Hoe groot gaat de rol van technologie zijn, volgens u? Mobiliteitsexperts Maarten Steinbuch en Carlo van de Wijer geloven bijvoorbeeld dat elektrisch vliegen heel reëel is.

Diepe zucht. ‘Ik weet het niet. De techniek gaat helpen. We moeten absoluut ophouden met Boeings volproppen met mensen en kerosine. Nu gaan we in de herfst naar Mallorca, met kerst naar Curaçao. Daar hoeven we niet voor te elektrificeren. Ik vind dat Maarten Steinbuch en Carlo van de Wijer daar niet genoeg naar kijken. We moeten minder, anders én schoner. Zij zitten naar mijn smaak te veel op alles schoner en dan hebben we het probleem opgelost.’

En Thalia Verkade, die zich in haar boek Het recht van de snelste afvraagt of we überhaupt wel moeten reizen?

‘Tja. Ik vind dat ze een waanzinnig vernieuwend boek heeft geschreven. Ik ben het er helemaal mee eens dat het verkeer onze publieke ruimte heeft overgenomen en dat we niet zo op reistijdwinst moeten focussen. Maar zij pleit ervoor dat iedereen straks op een paar minuten van huis werkt.
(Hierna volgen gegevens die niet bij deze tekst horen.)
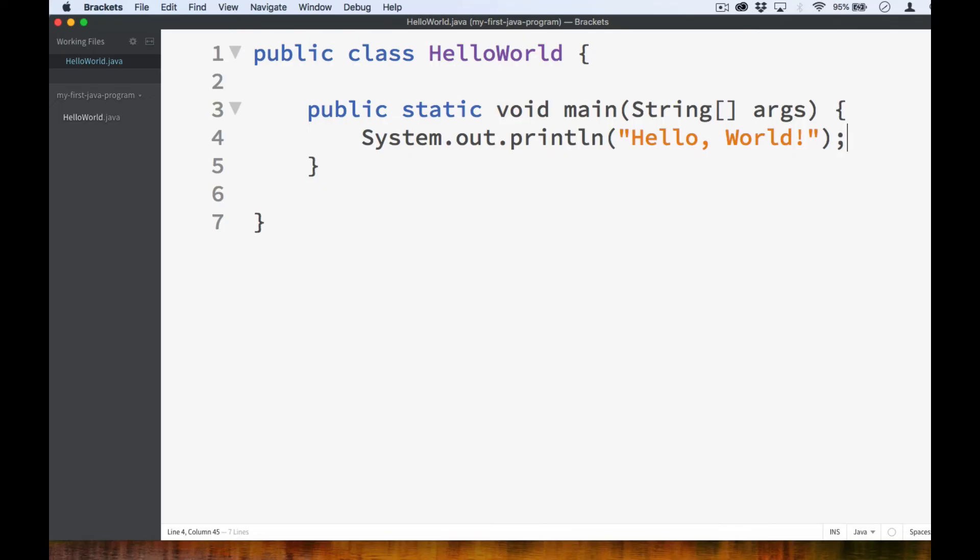But for now, all you need to know is that in order to write a Java program, you must first declare your class, giving it a name that is the same as the file name. And then you create your main method, which contains the initial instructions that you want your program to execute. Don't worry about not yet fully understanding what these things are. That's what we'll try to achieve throughout the rest of the course.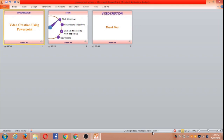PowerPoint Video 1 is the name of the file. This is the way we can create a video — it would take about 2 minutes. Once the video is created, we can save the file, and we would be having all the narrations and also the timings saved within this PowerPoint itself. This is how our PowerPoint video gets created.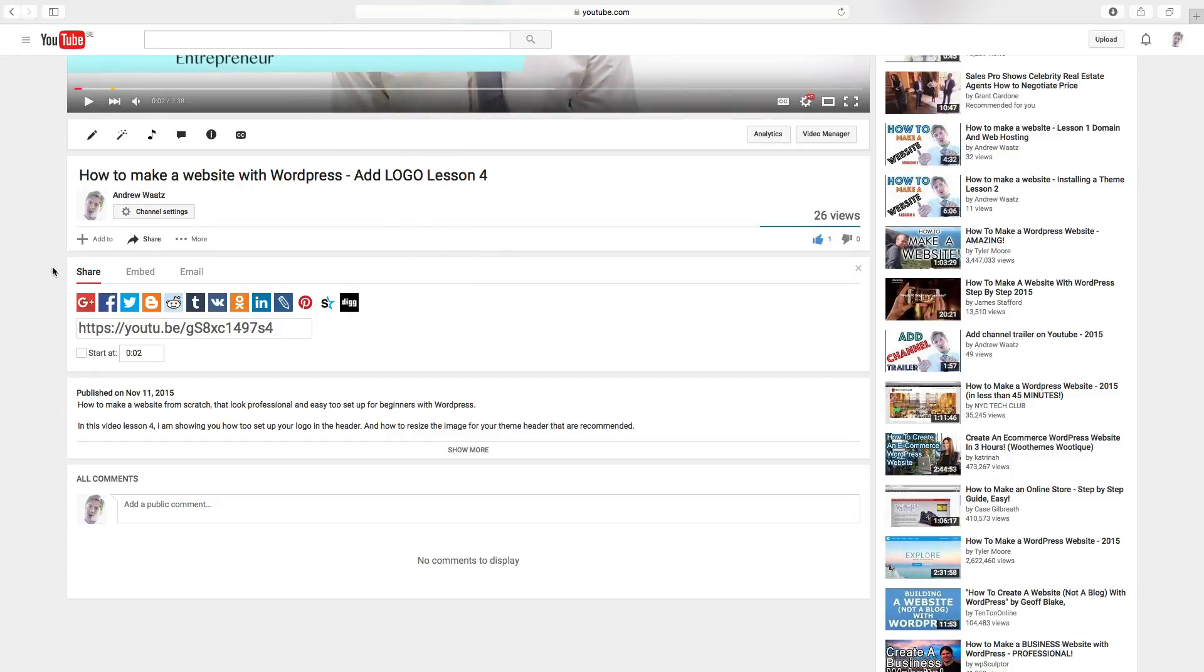So this is how you find your YouTube video URL. And don't forget to subscribe and we'll see you in the next one.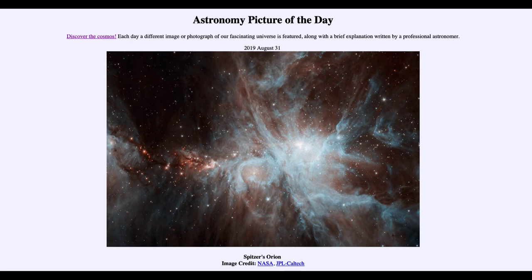We see the Orion Nebula — a little bit different image — looking at it in the infrared from the Spitzer Space Telescope. That was our picture of the day for August the 31st of 2019, titled Spitzer's Orion. We'll be back again tomorrow for the next picture, previewed to be Sisters in Space. So we'll see what that is about tomorrow. Until then, have a great day everyone, and I will see you in class.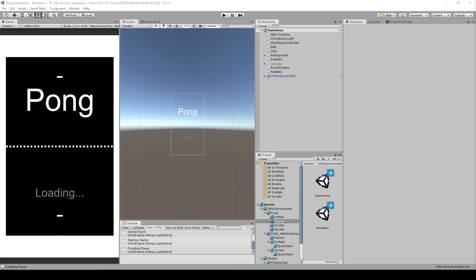Hey, welcome back to the third lesson of our Photon tutorial series on how to convert your games into online multiplayers. For this lesson we're going to be networking our paddle prefabs and player controls.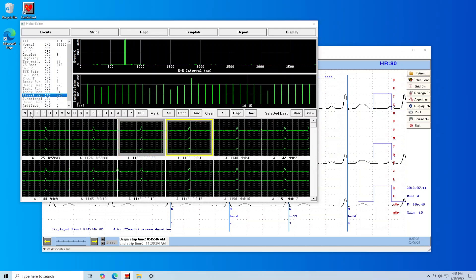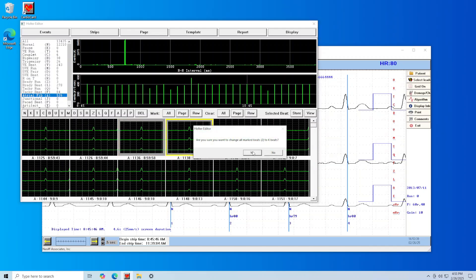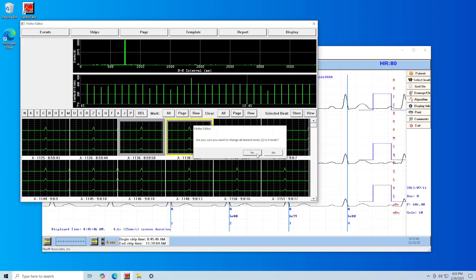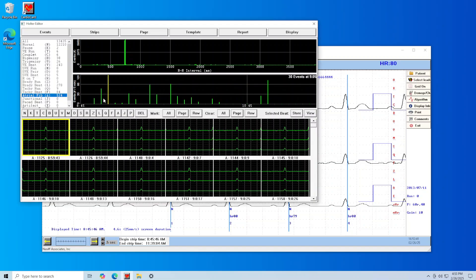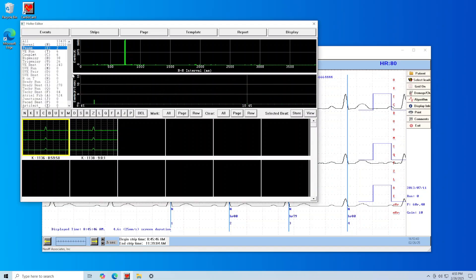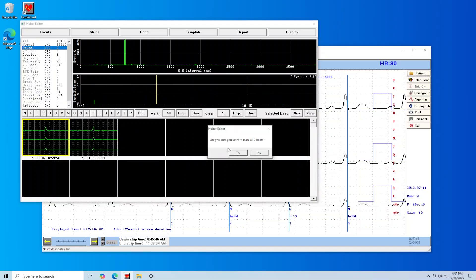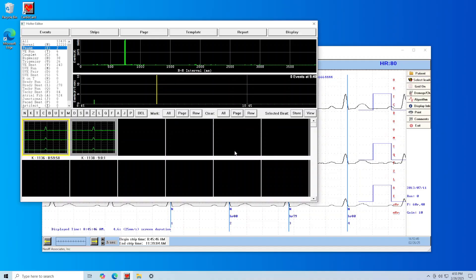Every time you make a beat type change, it will ask you to confirm this change. Make sure to choose yes or no correctly.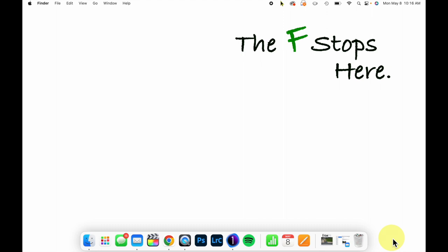Hello everyone, welcome to Capture One in One Minute, where we explore one feature of Capture One to make your workflow better and easier.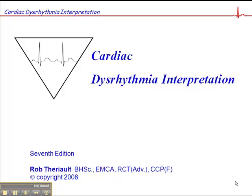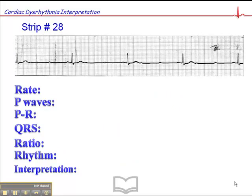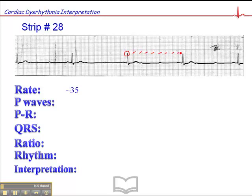Turn to page 98 — this is exercise 28. We'll start with the rate, which is approximately 35. If we map it out, here's a QRS that falls on a dark line. So the heart rate sequence is 300, 150, 100, 75, 60, 50, 43, 37, 33. So somewhere between 37 and 33 — in my book, that's about 35.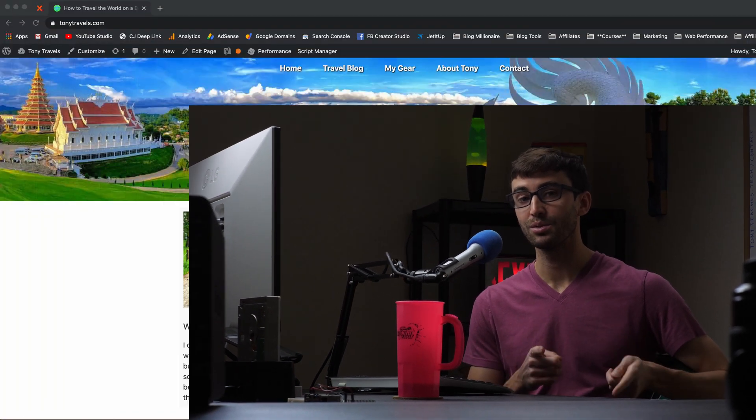This tutorial is specifically for people who use the GeneratePress WordPress theme because this theme allows you to do this without a plugin using something called hooks. So if that's something you're interested in learning how to do, let's get right on into the tutorial here.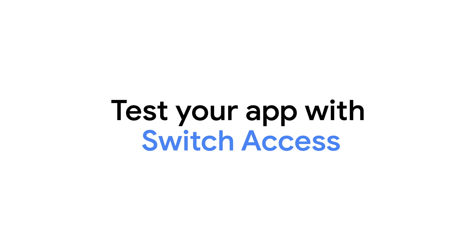Now that you've learned more about Switch Access, be sure to use it to test your app to ensure that all users can have the same experience within your app.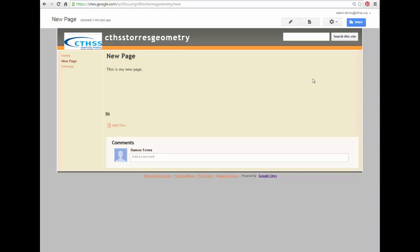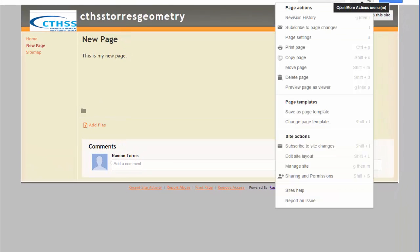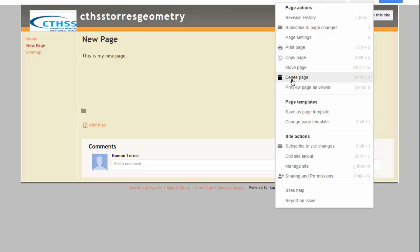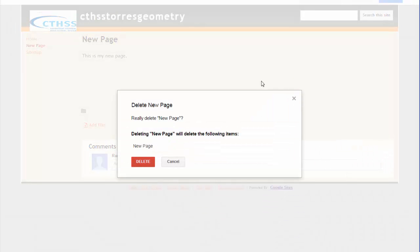If you want to delete a page, what you're going to do is go to the top of the page, to the Open More Actions menu, click on it, go down to the Delete page, click on that, and then you click on Delete.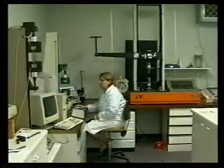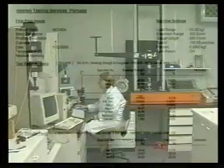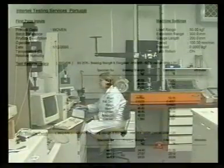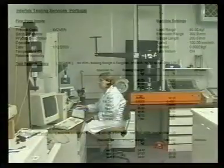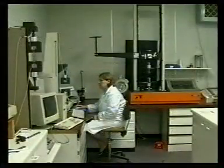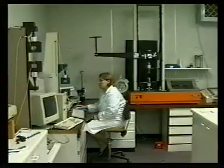The appropriate test program is selected from the computer menu and the specified details for the specimen are entered onto the screen. The computer will then set the machine up into the testing mode.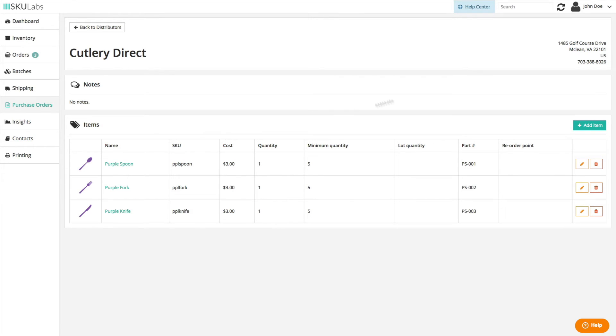Distributors will each have their own contact information, shipping and billing preferences, and catalog of items available for purchase.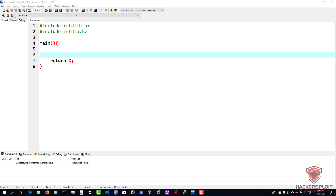Hey guys, Hackersploid here back again with another video and welcome back to the C programming series. In this video, we're going to be looking at conditional statements and decision making.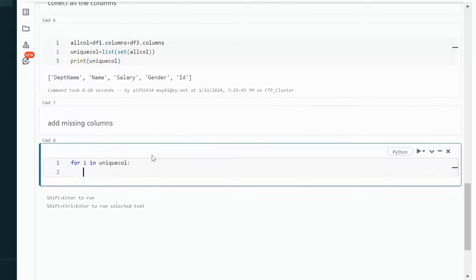That's the operation we covered in this video. I hope you understood how to use schema comparison and how to create the same schema across different data frames. Thank you so much for watching. If you liked this video, please subscribe to our channel for more videos. See you in the next video.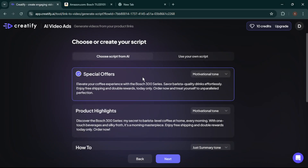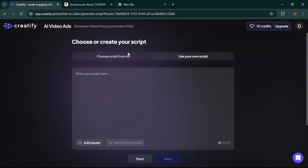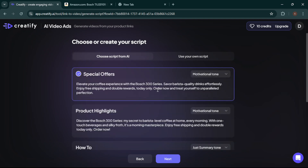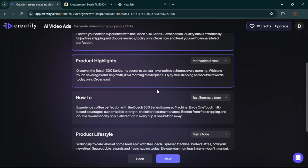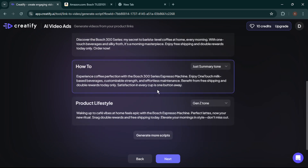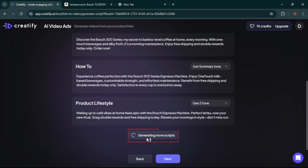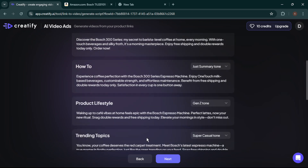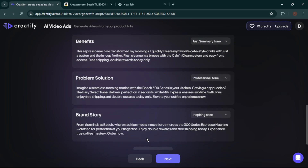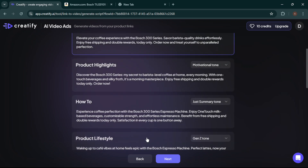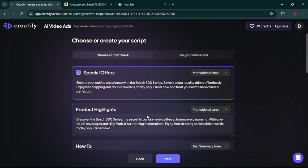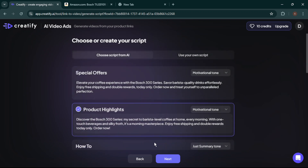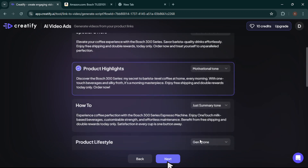This part is a game changer. You can either create your own script or let the AI generate one for you. Creatify offers pre-made scripts in different tones, or you can generate fresh ones if the suggestions don't hit the mark. For this demo, I'll choose a script from the AI. It's quick, creative, and ready to go.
Dan denk ik: volgens mij ben je nog nooit bij een sorteercentrum geweest. Onze arbeidsmarkt is helemaal niet op zo’n concept ingericht. Ja, voor een journalist. Maar niet voor iedereen. Natuurlijk moeten we de vraag stellen waar we wel en niet voor moeten reizen. Maar we moeten ook aan de slag met dingen die we nú kunnen doen.’

Welke dingen zijn dat?

‘Die deelauto’s bij sociale huurwoningen in buitenwijken. Dan begin je met bouwen aan een nieuw netwerk van publiek vervoer, precies waar dat nu ontbreekt. In 2024 komt in de Parijse voorstad Saint-Denis het grootste deelfietsconcept van de wereld, bij de Olympische Spelen. Ze willen daar echt aan de wereld gaan laten zien dat het kan. Dat hebben we nodig, grote icoonprojecten. Maar die moeten we dan vervolgens wel gaan opschalen naar alles en iedereen. Dat laatste vind ik een van de grootste opgaven van deze tijd. Het is echt geen technologisch vraagstuk. Elektrificeren helpt, zonnepanelen helpen, maar je ziet dat we het zijn kwijtgeraakt om voor de juiste mensen de juiste dingen te doen. Dat is bij mobiliteit ook totaal aan de hand. Je ziet wel dat ongehoorzame ambtenaren echt beginnen te ageren. Het knettert en het dondert bij de overheid, dat vind ik goed om te zien.’

Fietser geschept

De middag na ons gesprek appt Kloppenburg. Precies op het punt waar hij de afgelopen tijd zo vaak stond te filmen, is een fietser geschept door een afslaande vrachtwagen. ‘s Ochtends was ik nog een video aan het monteren waarop een kind over de motorkap vliegt en nu dit. Toen ik op die kruispunten aan het filmen was, dacht ik elke keer: het is niet de vraag of het misgaat, maar wanneer. Ik ben absoluut niet verbaasd, maar schrik er nog steeds van. Het zit me ergens toch diep, daar kwamen die tranen vanmorgen denk ik ook vandaan. Dat ik al die dingen voorbij zie komen en dan in de middag over het systeem moet gaan praten met iemand die zegt: ja, ja, ja, heel ernstig allemaal, maar…’

Zijn middagafspraken heeft hij afgezegd, appt hij. Hij gaat met de kinderen spelen.